------ COLLECTED MATERIAL ------

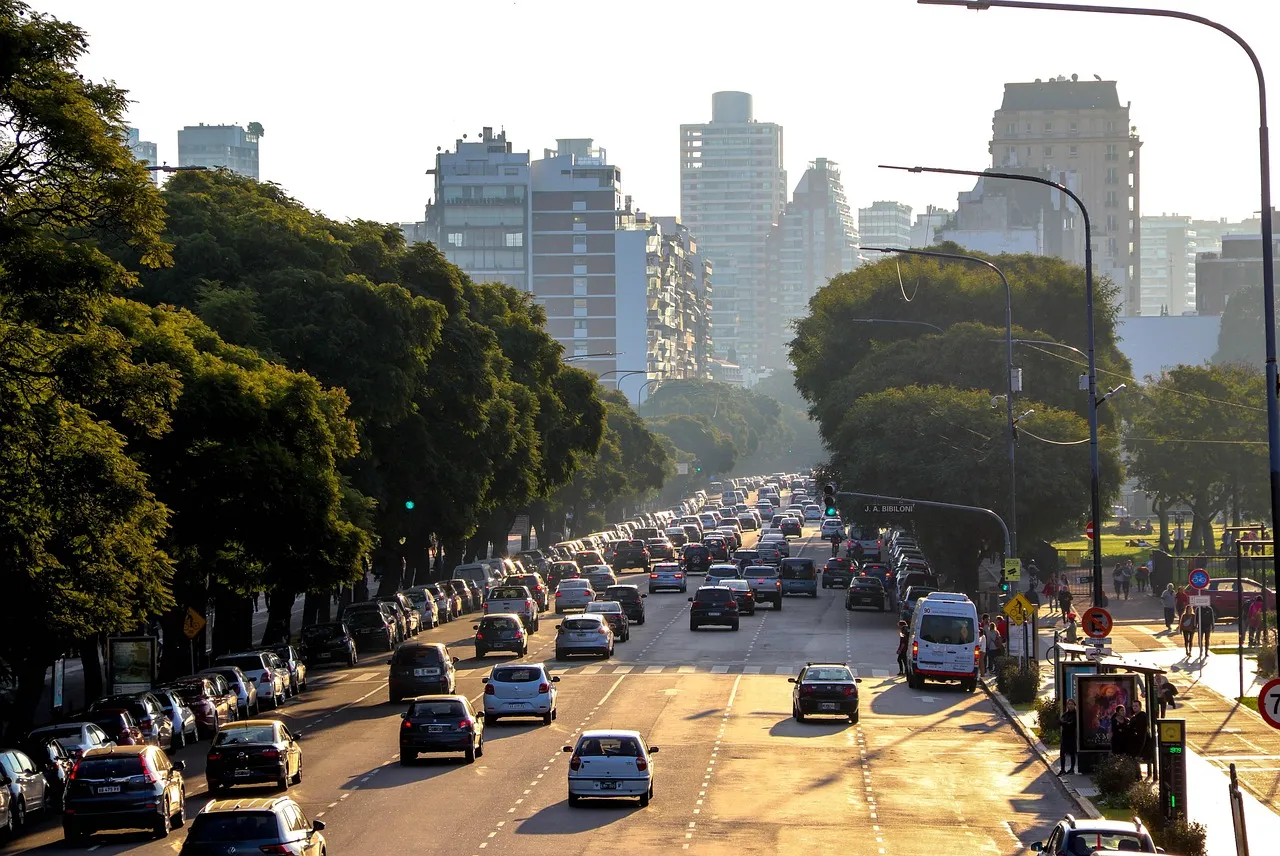 Une avenue bordée d’arbres entre des tours d’habitation à Buenos Aires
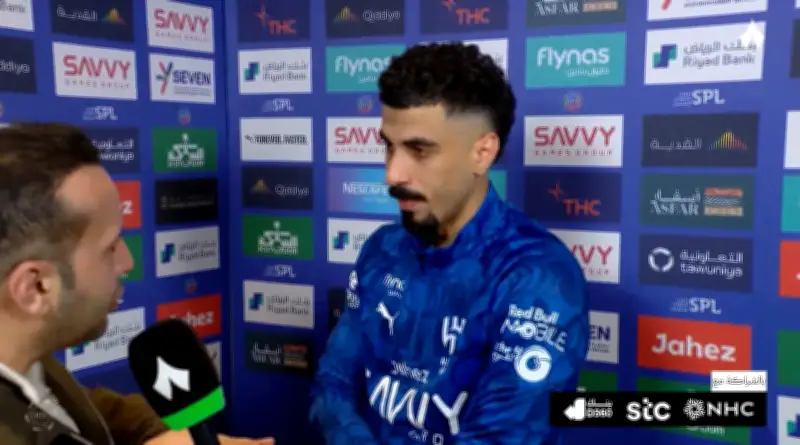 لاجامي يطرد لاعب النجمه ويحرم الهلال من الأفضلية في الدوري السعودي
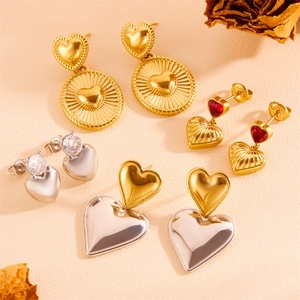 Heart Stud Earrings Stainless Steel Zircon Gold Plated Sunburst Pattern Two Tone Retro Jewelry For Women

------

▶ **WHAT TO DO**:
Word-for-word repeat, images excluded: return all the data.

▶ **WRITTEN REPLY**:
 Une avenue bordée d’arbres entre des tours d’habitation à Buenos Aires
 لاجامي يطرد لاعب النجمه ويحرم الهلال من الأفضلية في الدوري السعودي
 Heart Stud Earrings Stainless Steel Zircon Gold Plated Sunburst Pattern Two Tone Retro Jewelry For Women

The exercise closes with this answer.